A mass of evidence indicates that potential entrepreneurs are often unable to obtain loans to start a new business unless they post considerable collateral or provide substantial self finance. This suggests a market failure resulting in many potentially worthwhile projects going unfunded.
What’s more, the evidence is used to justify government policies aimed at encouraging more small businesses to be established, such as those announced in the latest Budget. But according to new research by Professors David de Meza and David Webb, published in the latest issue of the Economic Journal, such conclusions do not follow at all. If anything, under laissez faire, there is a tendency to overlending. Banks cannot easily distinguish good prospects from poor and so offer similar terms to all. Hence, low quality entrepreneurs obtain excessively cheap finance and, were they charged a rate appropriate to their quality, some would not proceed.

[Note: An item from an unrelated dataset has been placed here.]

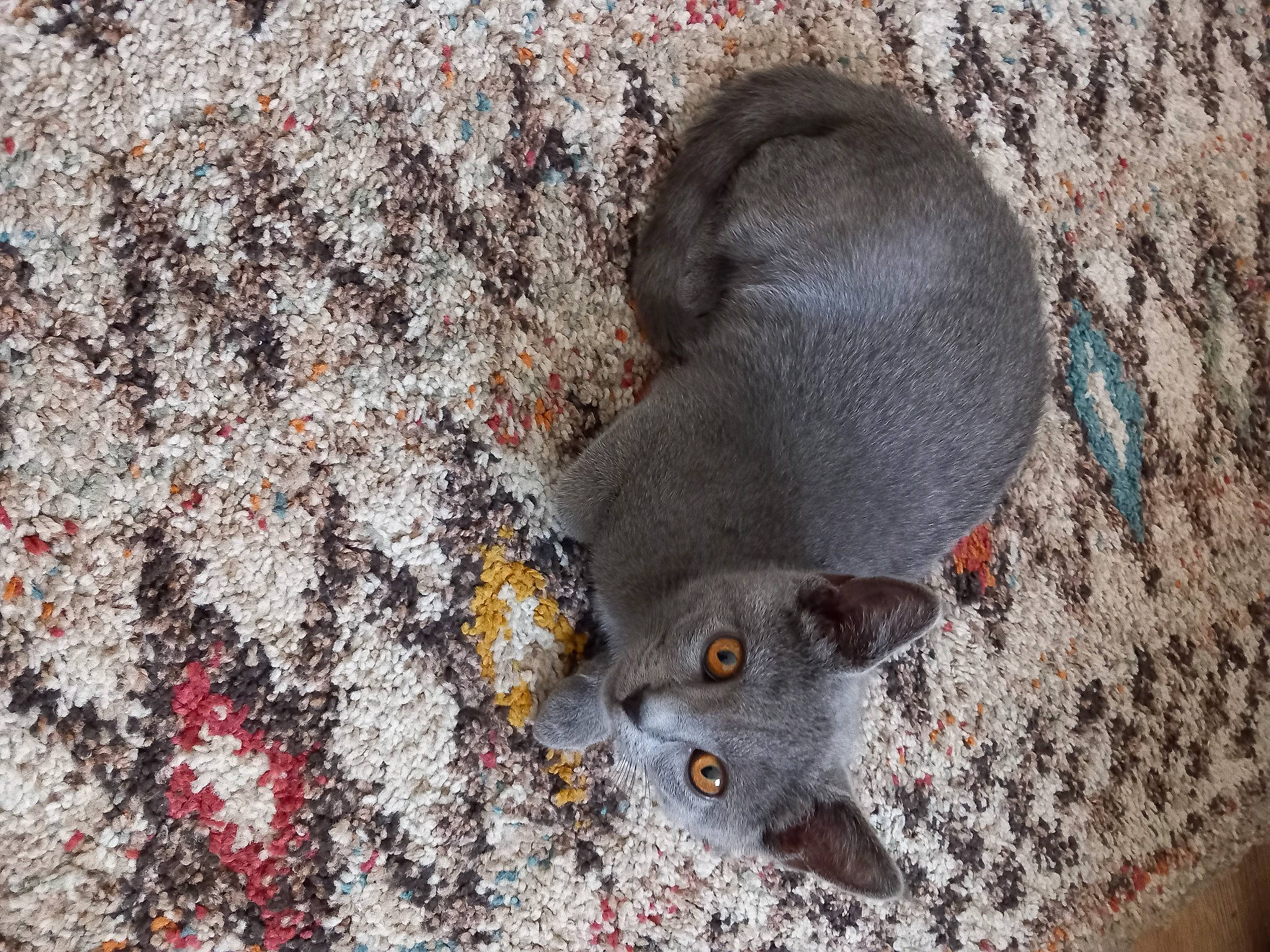 Nina a rejoint le concours — aidez-le/la à gagner de superbes lots ! carnivore, cat, concrete, domestic_short_haired_cat, fawn, felidae, fur, grey, metal, pattern, paw, plant, road_surface, rock, small_to_medium_sized_cats, snout, soil, terrestrial_animal, whiskers, wildlife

Collateral requirements help avoid the problem for, as the entrepreneur has a significant stake in the success of the business, fewer of those with low-quality projects seek funding. Moreover, these researchers demonstrate, collateral disciplines the borrower, counteracting a tendency to excessive risk-taking and insufficient effort once the loan is made. Even so, the systematic tendency for funding terms to reflect average performance makes it too easy for applicants with below average projects to get funds. The problem of overlending is further exacerbated by a well documented propensity to over-optimism by entrepreneurs, as discussed in earlier research in the Economic Journal (”The Borrowers” Curse”, March 1996) by Professor de Meza.
”Wealth, Enterprise and Credit Policy” by David de Meza and David Webb is published in the April 1999 issue of the Economic Journal. De Meza is at the University of Exeter; Webb at the London School of Economics.